How time really passes
Proverbs about time is the best time management textbook. Weighty volumes on this discipline offer hundreds of solutions, but in popular wisdom its ideas are most succinctly expressed. “If you miss a minute, you lose hours,” says one of the proverbs. What does this mean? Everyone has probably noticed how quickly time passes while shopping, talking on the phone or simply “sitting” on the Internet. It seems that one has only to go to the social network page, as it turns out that you have already been sitting there for several hours. The same is true for shopping in major cities. People spend precious weekends on them, wandering the shelves for days with an endless selection of goods.
And sometimes even something as simple as“Drink tea” stretches instead of the prescribed ten minutes for half an hour.
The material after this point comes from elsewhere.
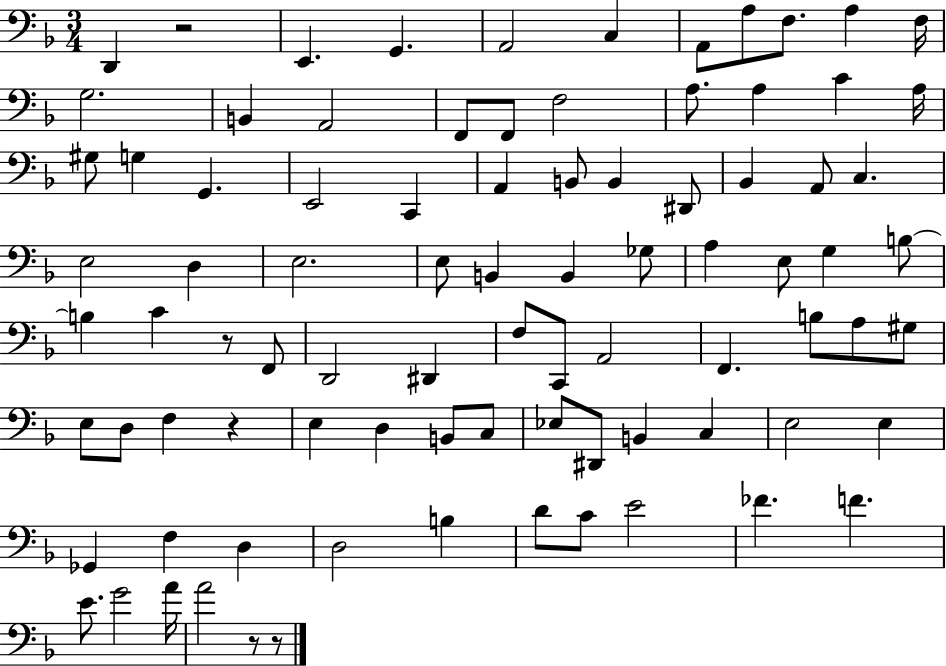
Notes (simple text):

D2/q R/h E2/q. G2/q. A2/h C3/q A2/e A3/e F3/e. A3/q F3/s G3/h. B2/q A2/h F2/e F2/e F3/h A3/e. A3/q C4/q A3/s G#3/e G3/q G2/q. E2/h C2/q A2/q B2/e B2/q D#2/e Bb2/q A2/e C3/q. E3/h D3/q E3/h. E3/e B2/q B2/q Gb3/e A3/q E3/e G3/q B3/e B3/q C4/q R/e F2/e D2/h D#2/q F3/e C2/e A2/h F2/q. B3/e A3/e G#3/e E3/e D3/e F3/q R/q E3/q D3/q B2/e C3/e Eb3/e D#2/e B2/q C3/q E3/h E3/q Gb2/q F3/q D3/q D3/h B3/q D4/e C4/e E4/h FES4/q. F4/q. E4/e. G4/h A4/s A4/h R/e R/e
Other proverbs about time also warn people against such waste: “The day is leaving - you won’t tie it to the wattle fence”, “Time is not a bird - you won’t catch it by the tail.”
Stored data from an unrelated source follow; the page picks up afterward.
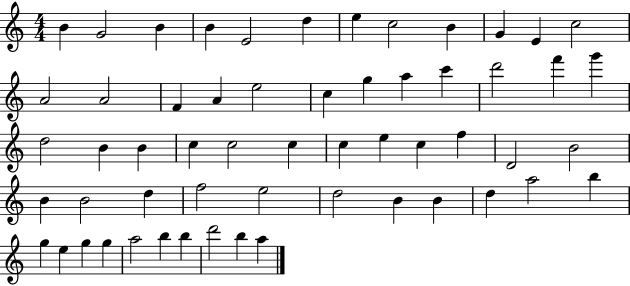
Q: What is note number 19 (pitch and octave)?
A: G5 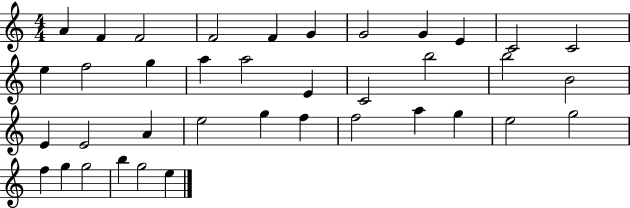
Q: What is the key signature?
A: C major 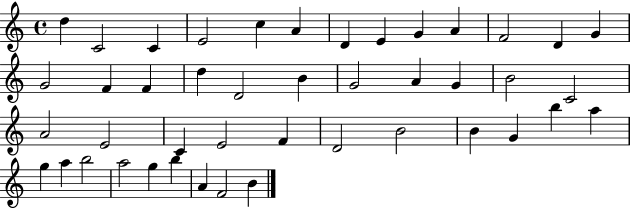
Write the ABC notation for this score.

X:1
T:Untitled
M:4/4
L:1/4
K:C
d C2 C E2 c A D E G A F2 D G G2 F F d D2 B G2 A G B2 C2 A2 E2 C E2 F D2 B2 B G b a g a b2 a2 g b A F2 B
How to deal with temporary losses?
Here, again, you can open any manual about time management. And you can listen to proverbs. “Know the price of minutes, the score of seconds,” says folk wisdom. Often proverbs about time reflect modern concepts of time management. This, for example, is the modern idea of timekeeping: careful tracking of all time expenditures. To use this time management tool, you just need to get a notebook and throughout the day write down what the hours of the current day are spent on.
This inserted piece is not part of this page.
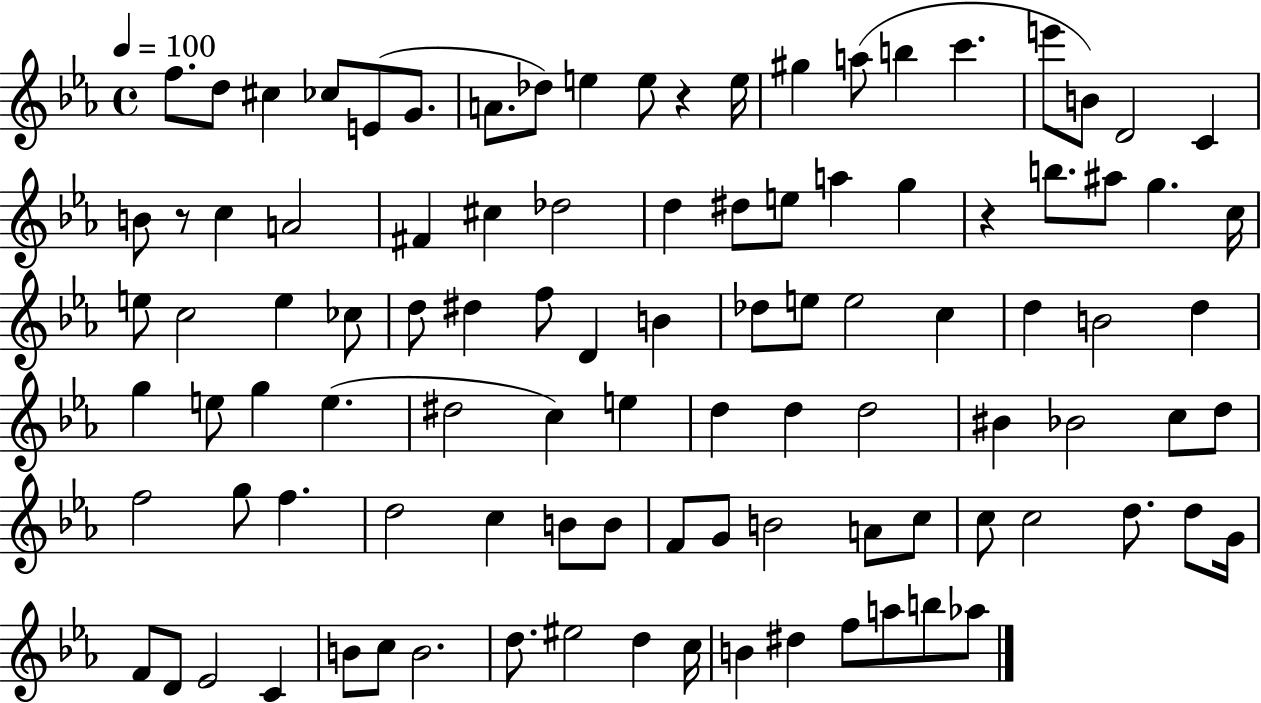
F5/e. D5/e C#5/q CES5/e E4/e G4/e. A4/e. Db5/e E5/q E5/e R/q E5/s G#5/q A5/e B5/q C6/q. E6/e B4/e D4/h C4/q B4/e R/e C5/q A4/h F#4/q C#5/q Db5/h D5/q D#5/e E5/e A5/q G5/q R/q B5/e. A#5/e G5/q. C5/s E5/e C5/h E5/q CES5/e D5/e D#5/q F5/e D4/q B4/q Db5/e E5/e E5/h C5/q D5/q B4/h D5/q G5/q E5/e G5/q E5/q. D#5/h C5/q E5/q D5/q D5/q D5/h BIS4/q Bb4/h C5/e D5/e F5/h G5/e F5/q. D5/h C5/q B4/e B4/e F4/e G4/e B4/h A4/e C5/e C5/e C5/h D5/e. D5/e G4/s F4/e D4/e Eb4/h C4/q B4/e C5/e B4/h. D5/e. EIS5/h D5/q C5/s B4/q D#5/q F5/e A5/e B5/e Ab5/e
Proverbs about time and hope for the best
There are also expressions that come from the depths of time that can inspire hope in the hopeless. For example, such a proverb is the following: "No matter how long the night is, the dawn will come." Sometimes it seems that negative events in life will never end - the black stripe does not change into a white one. And usually a person stops noticing even the slightest good events in life when he finds himself under a pile of problems. But such a proverb can encourage and inspire hope. Indeed, the night seems to be the longest before dawn - when it seems that the darkness will never recede.
What wisdom says about timeother nations?
Proverbs about the time of different peoples are also very interesting. For example, the analogue of the Russian proverb "Time heals" is the English Time cures all things - "Time heals all things (events)". And also the British like to say: Time is a great healer, - “Time is the greatest doctor.”
There are also analogues of Russian proverbs in German. For example, such is Besser spät als nie - "Better late than never." Proverbs about time can warn about unnecessary actions and, conversely, warn a person against weak will and laziness.
The ancient Greeks said: "Idleness in youth is poverty in old age." Also proverbs about free time are useful in this regard. For example, the well-known Russian proverb “Time for business, and an hour for fun”. People who constantly spend precious minutes of their lives on unnecessary conversations, deeds, experiences, will never be able to return the lost days for the right thing. Therefore, every adult can understand anything by “fun”: gossip, worries, and wasting time watching TV.